Persevere; I think of my mother saying to me, "Sit down and practice that piano! One day you'll thank me!" Read Eco and you'll thank yourself.
In Haruki Murakami's own words:
"It's all pointless--assuming you try to find a point to it." Kafka on the Shore
"It's not that meaning cannot be explained. But there are certain meanings that are lost forever the moment they are explained in words." 1Q84
I read this book last year, my first HM read, which I jumped into with no knowledge of the author, and having read no reviews of the book at all. Since then I have read several of Murakami books, and not because I am an enthusiastic fan at all--I actually found myself a little disturbed by Kafka on the Shore. I was bothered by the wierd sexuality, the blurry boundaries and constructs, the pointless ramblings, the silliness I thought bordered on insult to the reader. I read interviews Murakami had done, I read about his background, I read very dissected critiques by scholars of Murakami books, and still held on to a bit of repulsion towards Murakami's books. But...I kept reading his books! I was drawn to them; they haunted me, they stayed with me, persistently colored my mind.
When 1Q84 was released, I bought it impulsively,then wondered why. I realized that Murakami writes for the reader; I understood that what brought me back time and time again to HM was the fact that somewhere in me, I knew that in HM's books I was in the presence of genius. I could read/listen to HM and drift through a dream, like closing my eyes and floating on a raft in the pool, I didn't need to make sense of the journey--I just enjoyed it.

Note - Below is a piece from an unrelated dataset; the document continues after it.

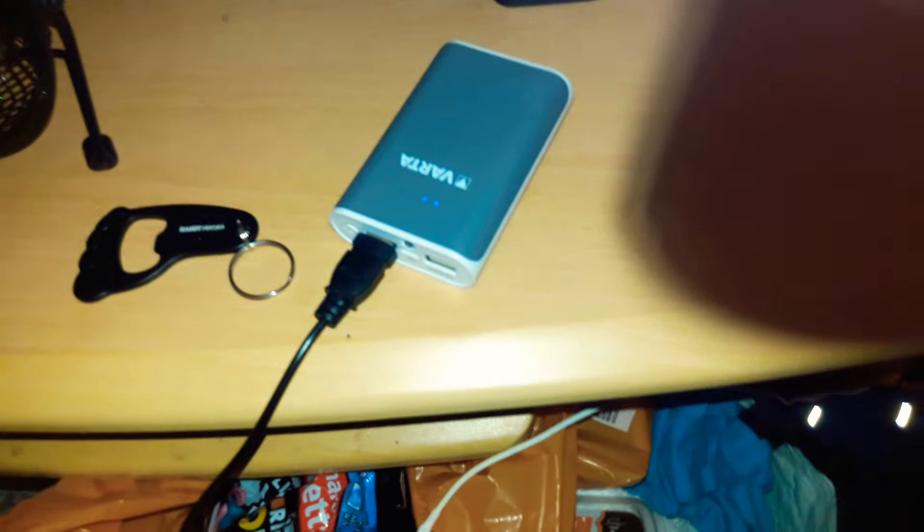And USB lights as well, which are Rolson. They're like angle poise lamps.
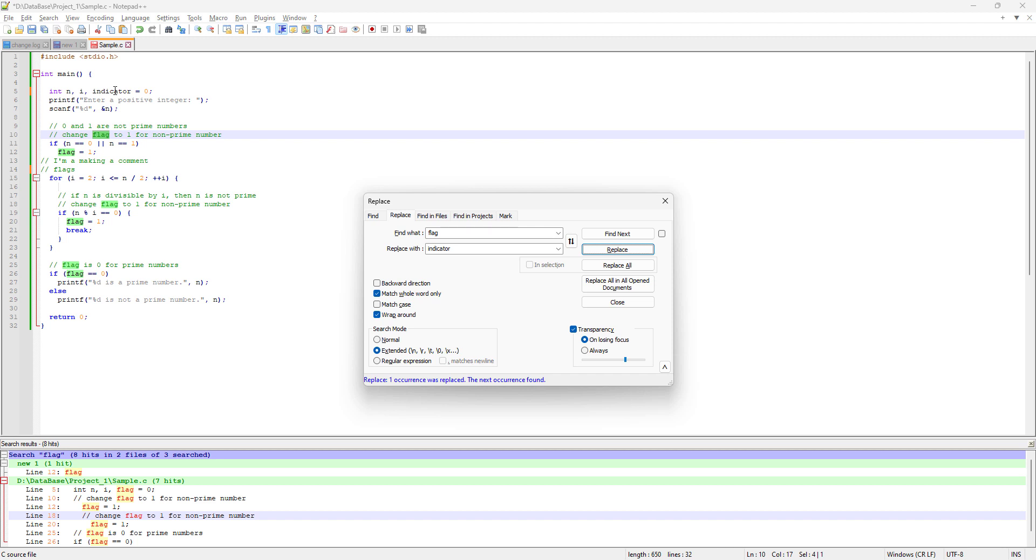A lot of times what happens is, okay, I don't like this name and I really want to change wherever this variable has been used in my coding. This is the great place to do this.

I relate this only to try to explain the experience I had with Kafka on the Shore, It was in many ways magical and lasting. I'm not sure I loved it, but it captured me. I could compare it to the other books of his but I will not because it has been done--I will leave you with my experience and say that Murakami, like any author, is not for everyone--just like Beethoven or Mozart are not for everyone--but their genius cannot be argued. I am looking forward to listening to 1Q84--just picking the right time to be consummed. If you are compelled to find meaning in every event, to right each word with your own understanding, read again the top 2 quotes by Murakami...you may "find" something that isn't even really there at all.